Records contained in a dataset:

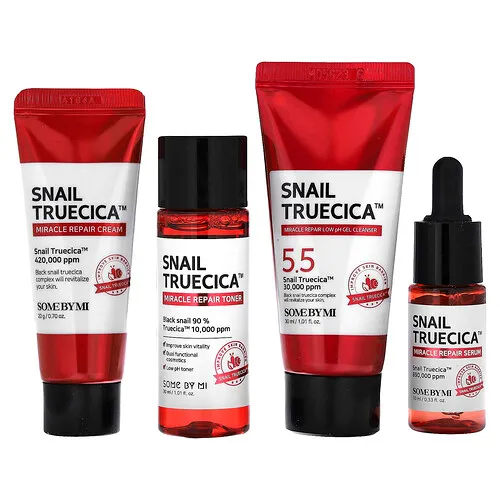 SOME BY MI, Kit de inicio del cuidado de la piel milagroso y reparador Snail Truecica, 4 piezas
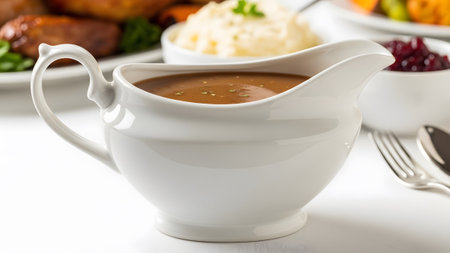 Holiday showing white gravy boat filled with brown gravy beside a festive holiday meal setting....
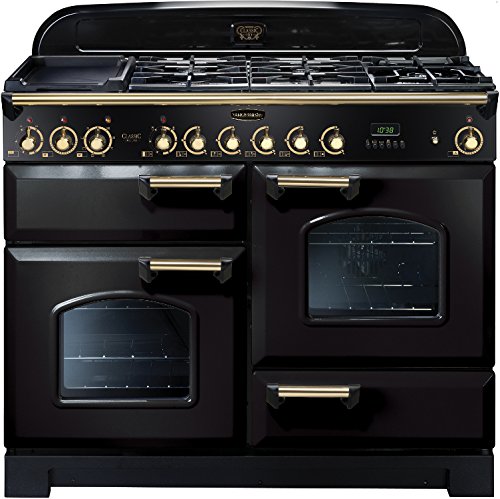 Classic 110cm dual fuel range cooker in black with brass trim, featuring a five-burner gas hob, two ovens, and a griddle, showcasing elegant knobs and a sleek design.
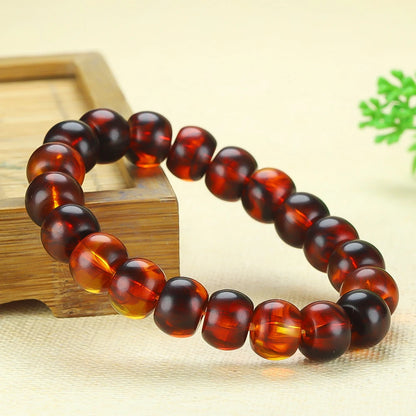 Natural Red Amber Bracelet Men Women Healing Gemstone Fine Jewelry Genuine Baltic Blood Amber Bracelets Barrel Beads Bangles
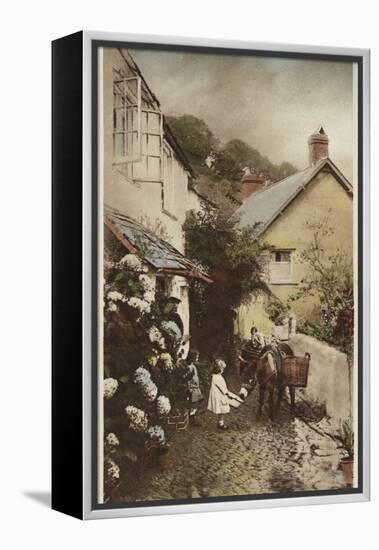 Independant Street, Clovelly, Devon-null-Framed Premier Image Canvas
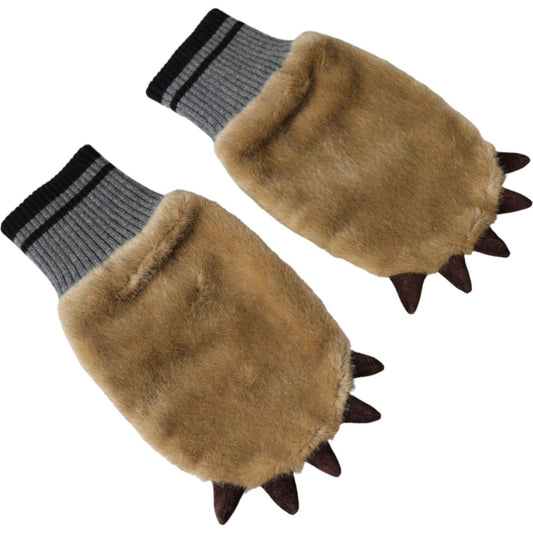 Dolce & Gabbana Beige Acrylic Knitted Fur Wrist Mitten Gloves LB30143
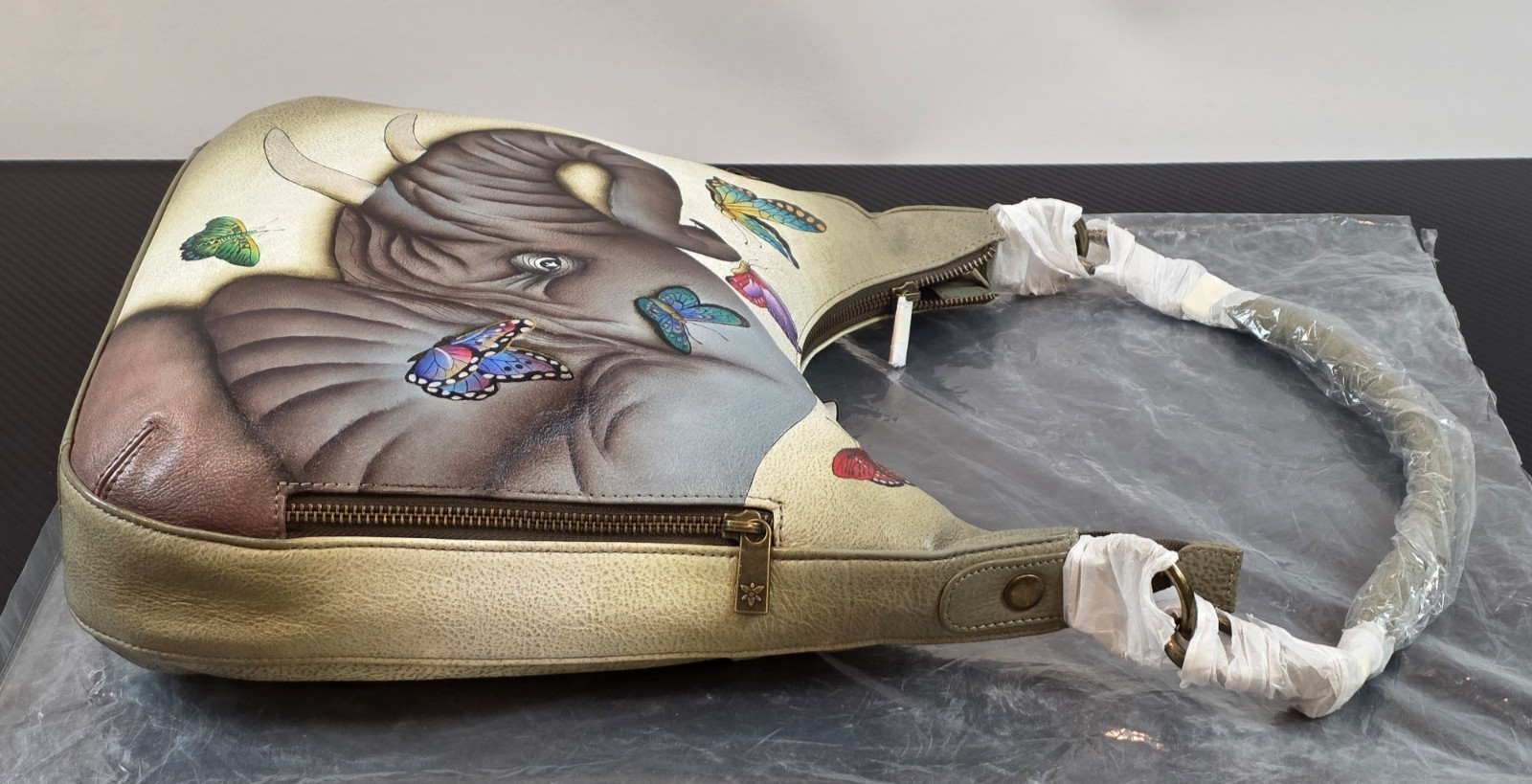 Anuschka Gentle Giant Convertible Slim Hobo With Crossbody Strap Hand-Painted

TRY IT:
Working down from the line with "Dolce & Gabbana", copy each line exactly until the last line of the entries, which is also included. Omit the pictures.

SOLUTION TO THIS PROBLEM:
 Dolce & Gabbana Beige Acrylic Knitted Fur Wrist Mitten Gloves LB30143
 Anuschka Gentle Giant Convertible Slim Hobo With Crossbody Strap Hand-Painted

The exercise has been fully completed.